Lighthouses are common along the coastline of Prince Edward Island, with its many inlets, points, and capes.  Our map indicated one in particular along this morning’s drive that caught our attention, the Cape Bear Lighthouse, located on the very southeast cape or tip of the island.  According to our tourist brochure, the Marconi radio station at this lighthouse was the first Canadian land-based station to receive distress signals from the HMS Titanic after it fatally struck the iceberg out in the mid-Atlantic.  The brochure mentioned that this lighthouse is still in operation, and that it is open to visitors during the summer months.  In addition, the brochure said, it contains a reconstruction of the Marconi station that received the Titanic’s S.O.S.  I was looking forward to seeing this historic radio station and taking a few pictures to share with my ham radio friends back in Denver.  Imagine our disappointment when we drove up to this isolated landmark and found it locked up tighter than a drum.  We had to satisfy ourselves with a few exterior shots of the lighthouse and the surrounding low cliffs down to the beach below.

From the lighthouse, it was only a short drive to the ferry terminal at Woods Island, which doesn’t seem to be an island at all – or if it is, the water around it has been filled in to create the ferry terminal.  We had almost two hours to kill before the ferry departure, so we went into the cafeteria at the terminal and had an early lunch, then took advantage of the free wifi to upload the previous two days’ blog entries.
The ferry is a large, modern vessel with at least two vehicle decks and two enclosed passenger decks above.  The cost for the 14-mile journey across the Northumberland Strait was $79.00 CDN (a bit less than $72.00 US at the current exchange rate).  The trip took an hour and fifteen minutes across gently rolling seas.  It was overcast and misty during the crossing, so photo ops were limited.  Apparently, however, later in the summer it’s common to see whales in the strait.

The mainland ferry terminal is located at Caribou, Nova Scotia, and when the massive hinged door at the front of the boat opens, it immediately disgorges its load of cars, trucks, RVs, motorcycles, bicycles, and a few pedestrians directly onto a four-lane freeway.  I have no idea where the pedestrians go from there – perhaps a friend meets them or maybe there’s a bus stop somewhere nearby.

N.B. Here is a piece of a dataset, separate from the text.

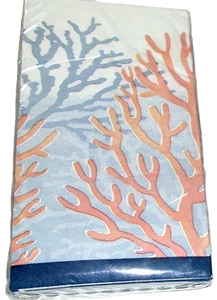COASTAL GUEST NAPKINS ~ 26 Ct. ~ 2 Ply ~ 15 2/3" X 11 2/3" ~ SOFT CORAL - Picture 1 of 1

A short distance inland there’s a large roundabout with at least six exits which launch vehicles toward various compass points.  This, of course, assumes that everyone knows where they’re going.  We had a vague idea, and our eeny-meeny-miney-moe choice turned out to be correct, so off we went in a generally eastward direction which would hopefully take us somewhere near where we wanted to be.  As soon as we could find a safe place, we pulled off the highway to consult our map and Good Sam Campground Guide.  We selected a couple of potential spots and off we went with our fingers crossed.  It was lightly raining on this side of the straight, but not enough to obscure or distract us from enjoying the beautiful countryside through which we were travelling.   It is much hillier here on the mainland, with elevations reaching as high as four to five hundred feet.  The hills were heavily wooded, and everywhere the land was brilliant green.  After about 50 miles or so we turned off onto a minor highway and found our campsite for the night – a place called Hyclass Campground (nothing but the best for us!), located right on the edge of a small inlet.  After some debate as to whether to pick a site with a view of the water or back in the trees where we’d be somewhat protected from the wind, we chose the trees.  We were glad we did, because when we went out for a walk, we nearly froze our patooties off down by the water.

I was going to post a couple of pictures from today, but it took me over an hour to upload the pictures that I added to the last two days’ blog  entries.  It’s getting late, so I’ll try to add them later when we have a better internet connection.